How to complete this task.
Skip all pictures. Write out the data below from its first line through the line that contains "Blueberries and raspberries background".

BEGIN Data shown

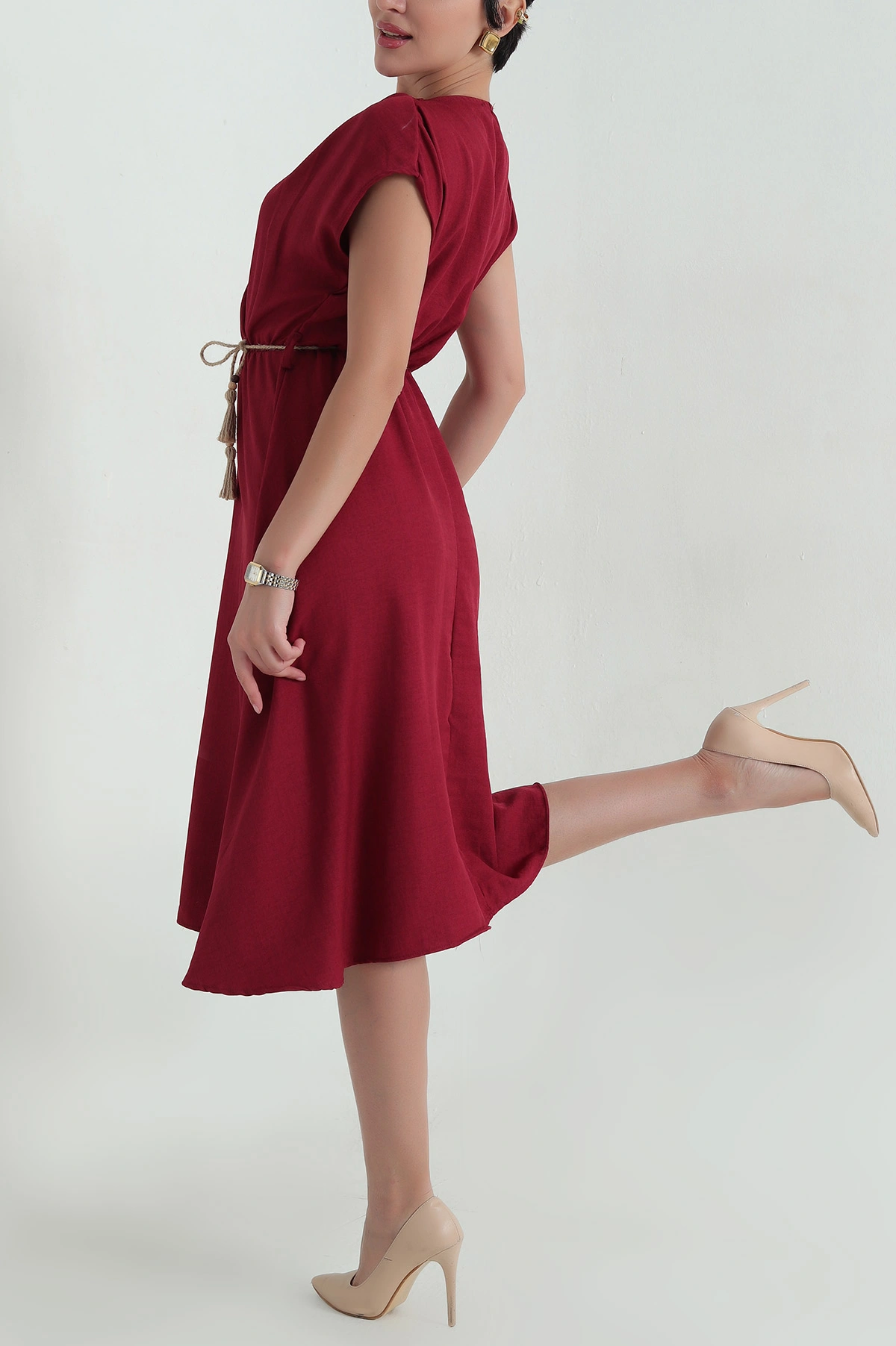 Bordo Keten Kruvaze Kemerli Kadın Elbise 363386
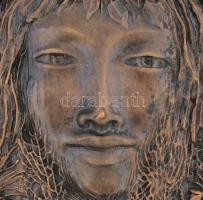 Rácz Edit (1936- ): Nyár. Bronz, bársonnyal bevont fára applikálva. Jelzett, számozott (10/I.), 21x1...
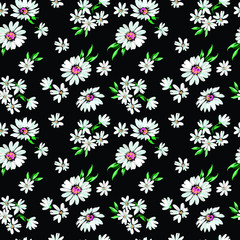 cute daisies on black - seamless background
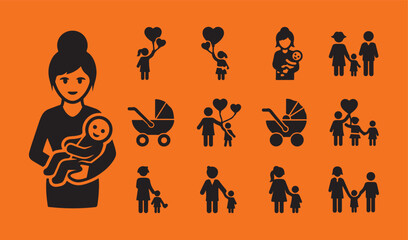 Motherhood, Family, and Parenting Silhouette Icons on Orange Background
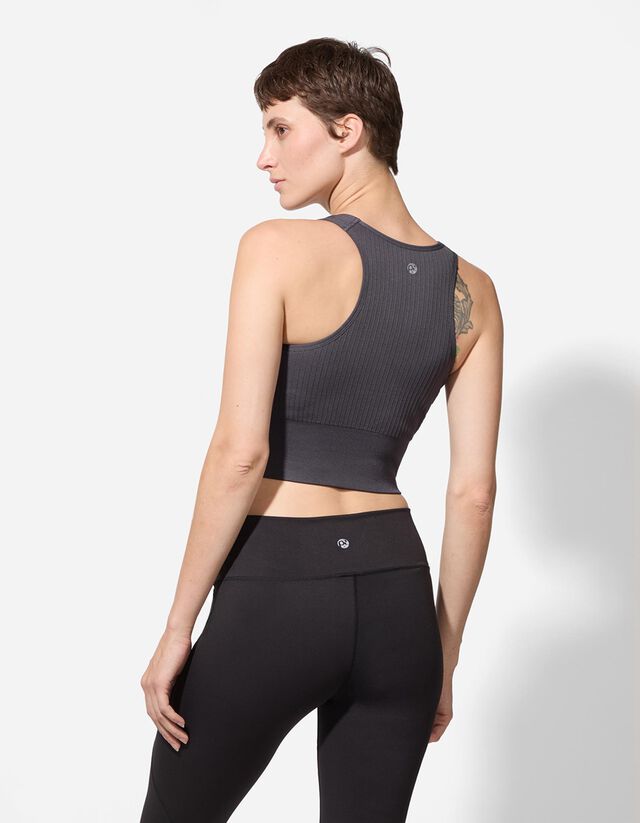 Rövid top - Bordázott - fekete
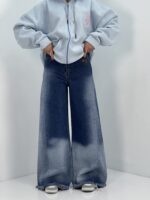 شلوار جین زنانه فول بگ شافل آبی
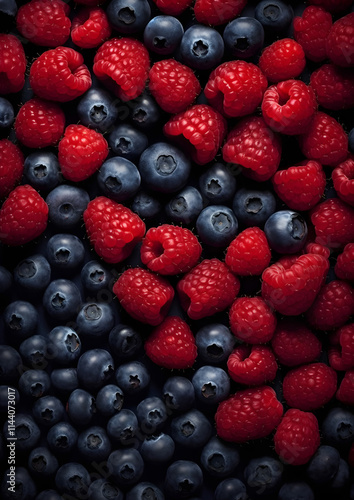 Blueberries and raspberries background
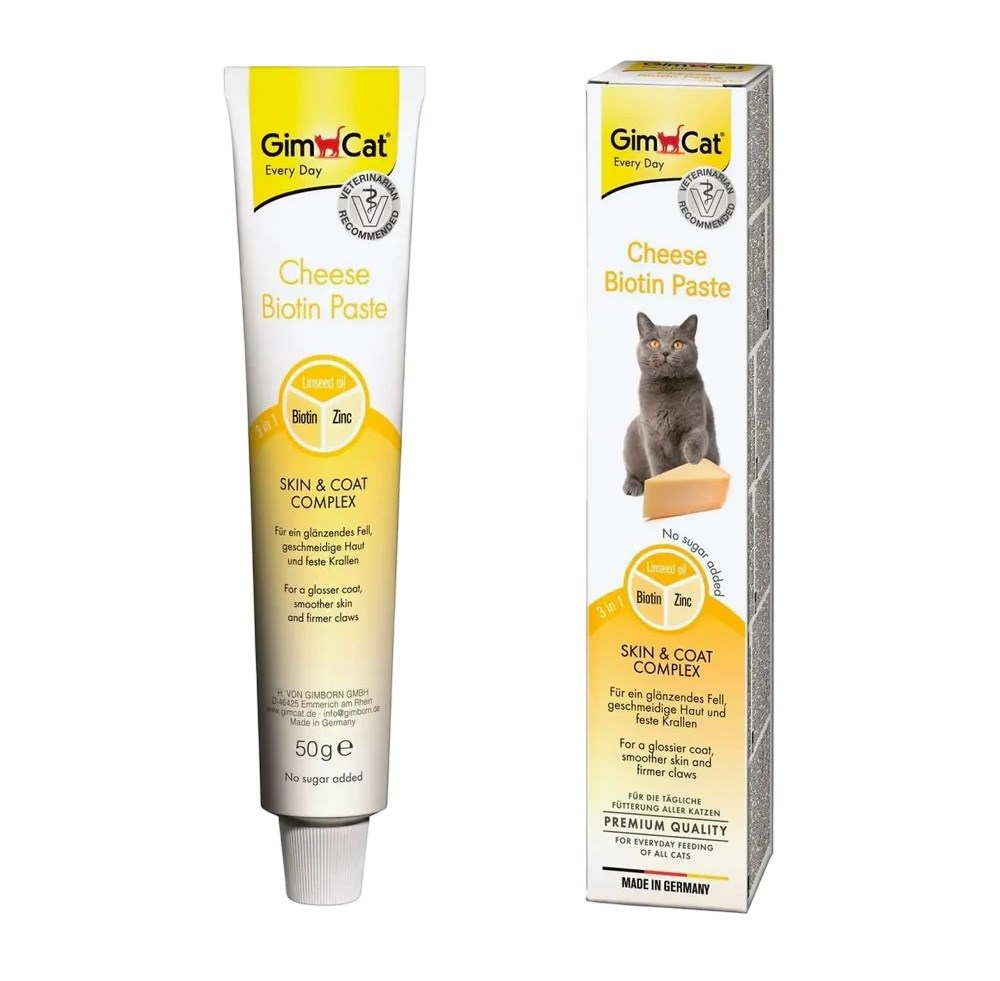 GimCat sirna pasta s biotilnom za mačke, 50g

END Data shown

Answer for the task.
 Bordo Keten Kruvaze Kemerli Kadın Elbise 363386
 Rácz Edit (1936- ): Nyár. Bronz, bársonnyal bevont fára applikálva. Jelzett, számozott (10/I.), 21x1...
 cute daisies on black - seamless background
 Motherhood, Family, and Parenting Silhouette Icons on Orange Background
 Rövid top - Bordázott - fekete
 شلوار جین زنانه فول بگ شافل آبی
 Blueberries and raspberries background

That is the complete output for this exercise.